We practiced discrimination and exclusion.
It was our ignorance and our prejudice.
Well, with a rhetoric like that, that paved the way for something that has now become traditional in Australia, the so-called acknowledgement of country, in which the speaker has to say which tribes land he's on, acknowledge that it's someone else's, not use the word aborigine, because that's apparently derogatory now, and essentially apologize for being here.
What's really remarkable about this is that it's a flat-out endorsement of blood-and-soil ethnonationalism.
Like I always say, guys, there are very few actual leftists.
There are plenty of far-right ethno-nationalists in Western countries.
They're just not white.
For example, here's Australian Senator Lydia Thorpe being sworn into the Australian Parliament in 2010.
Some people didn't like it when during the oath of allegiance to the Queen, she called the Queen a colonizer.
The Senator was eventually required to recite the oath word by word, but she went on to say that the Australian flag didn't represent her and that Aborigines never ceded sovereignty.
So assuming we take her heritage in good faith, and that's something, let's think about this.
If she doesn't consider herself part of Australia, why should Australians have to listen to her, let alone do anything she says?
What kind of country is Australia going to be?
According to the government, Aborigines are about 3.2% of the population, and I'm guessing from some of these pictures that the definition is pretty loose.
But some people want a treaty saying that these Aborigines are the true owners of the land.

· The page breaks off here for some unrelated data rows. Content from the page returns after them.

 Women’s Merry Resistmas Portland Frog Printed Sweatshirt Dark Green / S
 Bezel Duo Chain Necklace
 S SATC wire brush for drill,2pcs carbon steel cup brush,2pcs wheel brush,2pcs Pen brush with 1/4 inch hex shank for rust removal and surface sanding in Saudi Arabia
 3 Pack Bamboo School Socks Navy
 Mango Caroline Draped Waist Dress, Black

And these kinds of arguments are making an impact.
For example, King Charles III will not replace his mother on Australian currency, at least not on the banknotes, because the powers that be want First Nations to be at the center of modern Australia.
And we see the same thing happening around the world, especially in the Anglosphere.

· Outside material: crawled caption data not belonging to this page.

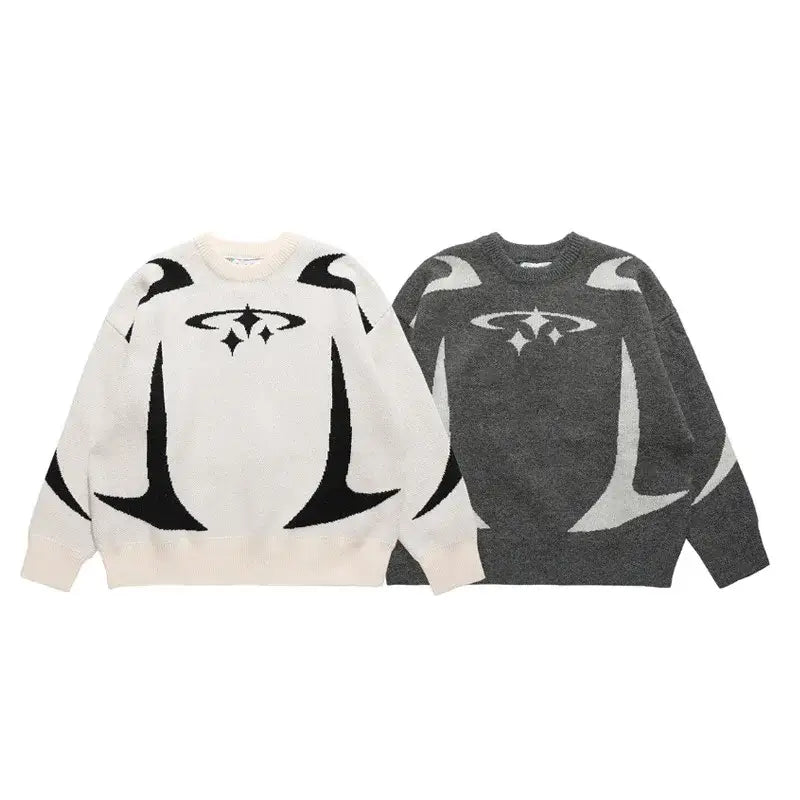 Two Star Sweater Y2K styles in white and gray with abstract eye designs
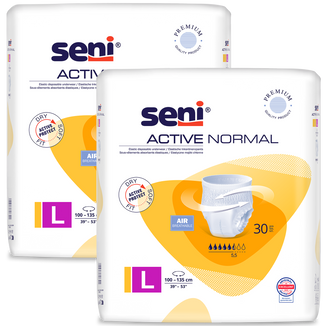 Zestaw Seni Active Normal, majtki chłonne, L, 100-135 cm, 2 x 30 sztuk - zdjęcie produktu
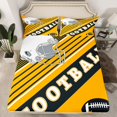thumbnail image 2 of Feelyou Rugby Sport Player Bed Sheets for Teens, Gold Black Cartoon King Sheets, Football Soccer Theme Sheet Set, Breathable Home Decor, 4pcs, 2 of 7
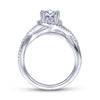 Gabriel & Co. 14k White Gold Contemporary Twisted Engagement Ring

Land acknowledgments have long been part of Canadian political rhetoric, it's coming to America, and New Zealand is even toying it's changing its name to some word I can't even pronounce.

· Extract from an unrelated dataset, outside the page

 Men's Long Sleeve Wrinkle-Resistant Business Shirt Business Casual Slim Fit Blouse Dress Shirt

Suddenly, the biological reality of race...
Or the ethnic basis of nationhood becomes unquestionable.
It's just being used against whites.
Look, Australia Day is a day when people just want to grill, just like the Fourth of July.
Most people want countries where peoples of different backgrounds live in peace, where we have a common heritage that transcends race, and we all celebrate being part of countries that are objectively some of the best places to live in the entire world.
But we whites didn't start this.
We are the ones being told that we must give up our homelands, our histories, our dignity, just to satisfy the egos of some cynical politicians and activists.
And I get it.
You may just want to grill, but they're not going to let you.
And you are going to have to have the courage to say that it was a good thing that your white ancestors came to Australia, and New Zealand, and Canada, and America, and all these other places.
And we built these amazing societies.
If you aren't willing to say that, They're just going to keep pushing.